Lynda Abbou | 02/02/21 20:02

Scandaleux : des médias inquisiteurs “condamnent” Walid Nekiche au nom de la “loi des services de sécurité “

Après 14 mois de détention « provisoire », de « torture », d’« agression sexuelle par les services de sécurité », d’un réquisitoire exigeant la prison à perpétuité et d’un lynchage médiatique, le jeune étudiant Walid Nekiche a été cloué au pilori par certains médias.

Walid Nekiche aura finalement été condamné sur la place médiatique et « acquitté » par le tribunal ! Des professionnels de l’information ont expliqué à Radio M que la plupart des entreprises de presse obéissent aux ordres d’un « clan ou d’un autre » au sein du pouvoir algérien, notamment la partie « services de sécurité. « Ce qui s’est passé avec Walid Nekiche est donc une suite logique » nous ont-ils expliqué.

« Tout le monde connaît la police politique et son rôle dans le contrôle de la société en empêchant le débat politique de s’installer.
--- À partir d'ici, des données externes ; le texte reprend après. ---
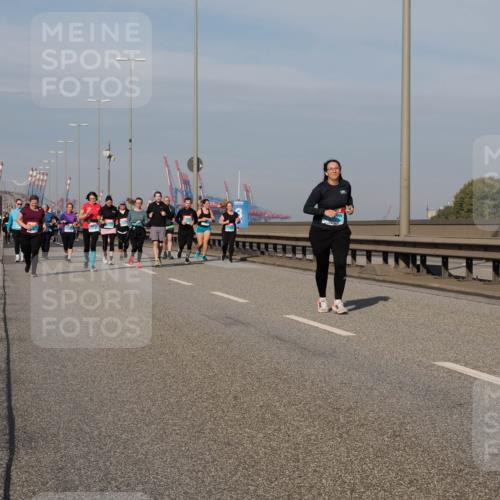 03.10.2025 - Köhlbrandbrückenlauf Fabian Wolf http://msf.ph/oto/9077199 03.10.2025 10:15:43 Position 3  meine-sportfotos.de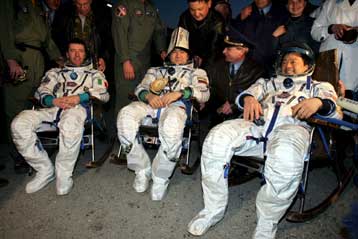 Ρωσική κάψουλα μεταφέρει πίσω τρεις επιβάτες από τον Διεθνή Διαστημικό Σταθμό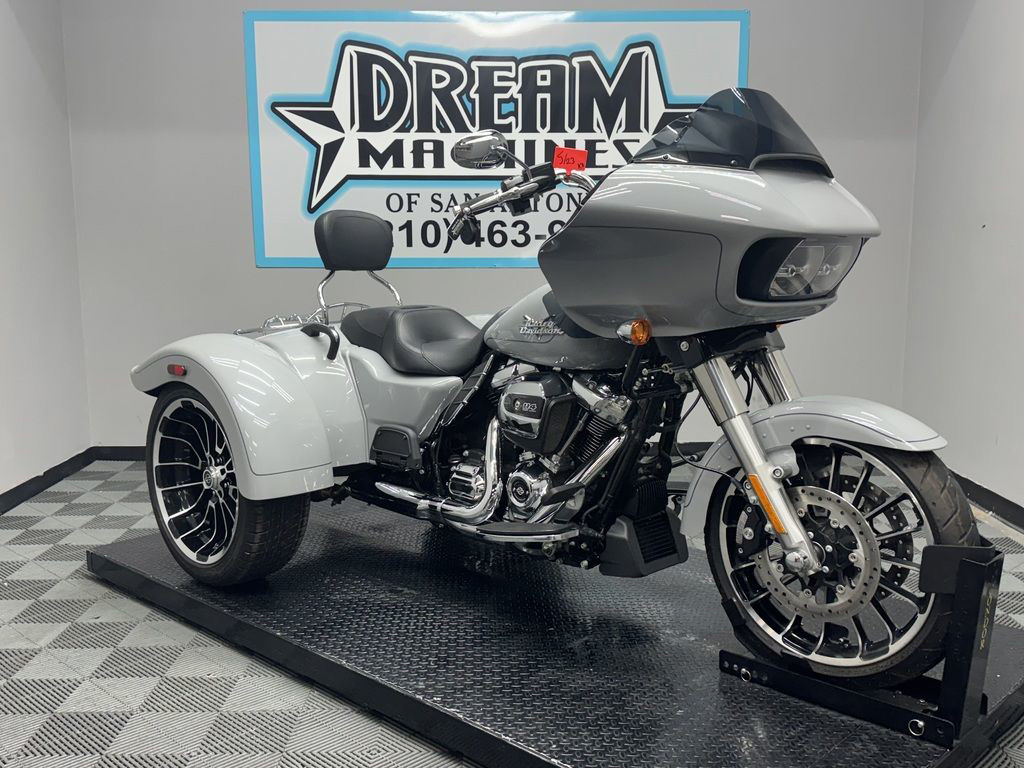 Road Glide® 3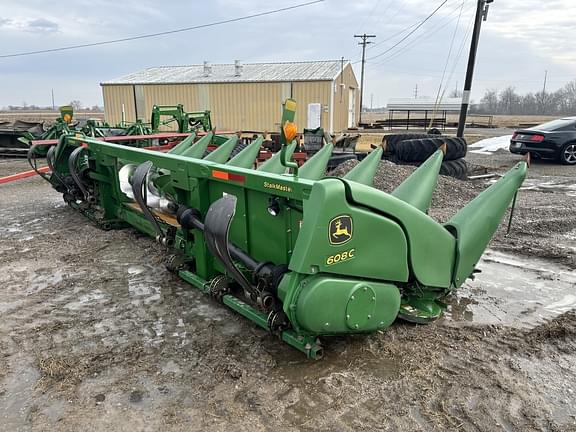 Image of John Deere 608C equipment image 4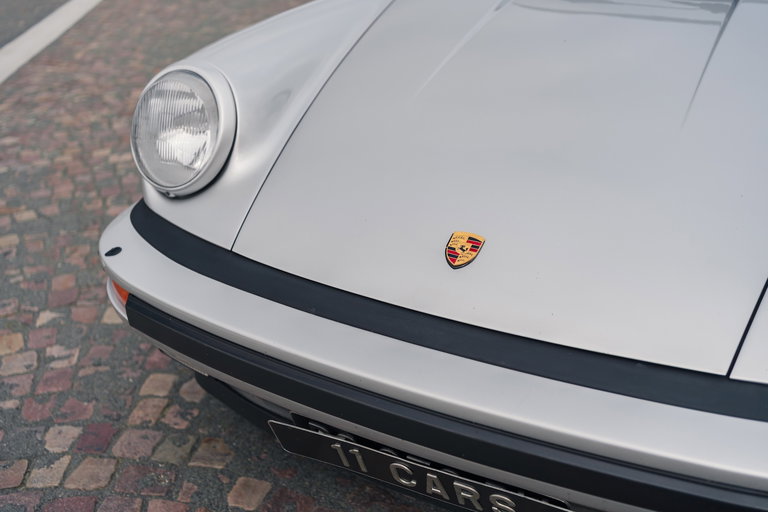 Porsche 911 Turbo 3.3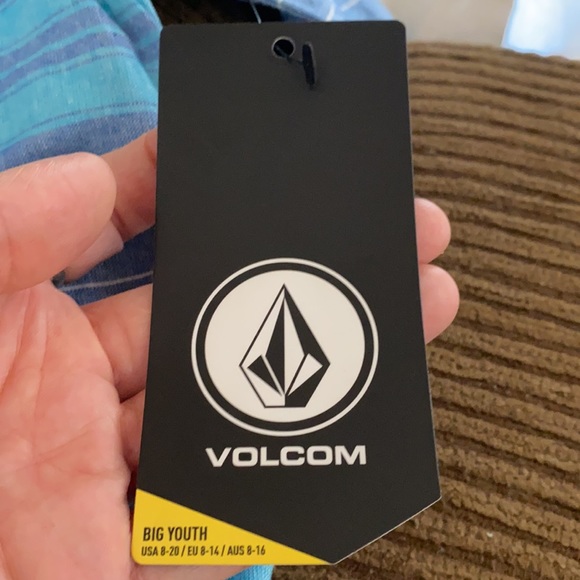 Volcom Boys Medium (so 10-12) button up shirt - Picture 6 of 6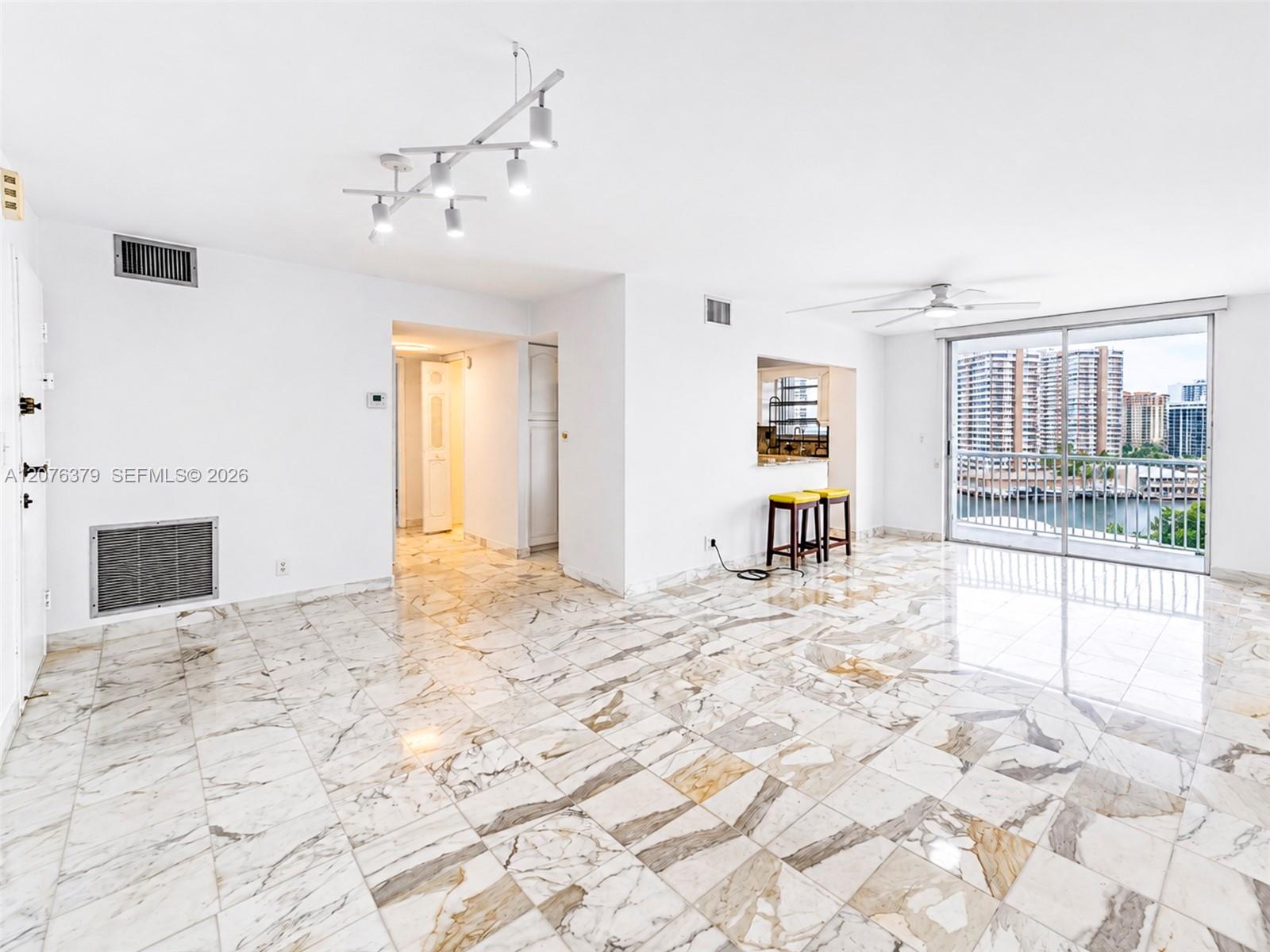 137 Golden Isles Dr # 804 — Photo 4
Mais il y a aussi la police médiatique », a signalé le journaliste Mohammed Iouanoughane à Radio M.

D’après lui, les médias algériens vivent tous dans l’illégalité aujourd’hui, puisque la loi sur l’information de 2012 et la loi sur l’audio-visuelle sont gelées. Donc la seule loi qui détermine les règles de la profession journalistique selon lui, est « la loi des services de sécurité » !

Pire encore, le journaliste note que la situation s’est envenimée au « point où les rédactions sont rattachées directement à ces services dont les responsables et agents, ont tissé des relations personnelles avec la majorité des patrons de presse pour transformer les services de sécurités en services privés. Beaucoup de patrons de presse aujourd’hui ont leur place en prison » s’est il indigné.

Contacté par Radio M, le professeur en sciences de l’information et spécialiste des médias, Redouane Boudjemaa, a souligné que la structure chez les entreprises de médias a fait que ces dernières servent un clan du pouvoir ou un autre, pour des considérations économiques dont la publicité. Pour lui ces entités font de la communication institutionnelle et non du journalisme.

Le professeur reproche aussi aux journalistes le fait qu’ils font du « journalisme à charge et à décharge ». D’après lui, les journalistes jouent soit le rôle de l’avocat soit celui du procureur ! Or leur rôle est de rapporter, écrire, et raconter en toute objectivité. « Ce qui s’est passé dans l’affaire de Nekiche est scandaleux mais c’est aussi une suite logique (à la situation) », a expliqué Redouane Boudjemaa.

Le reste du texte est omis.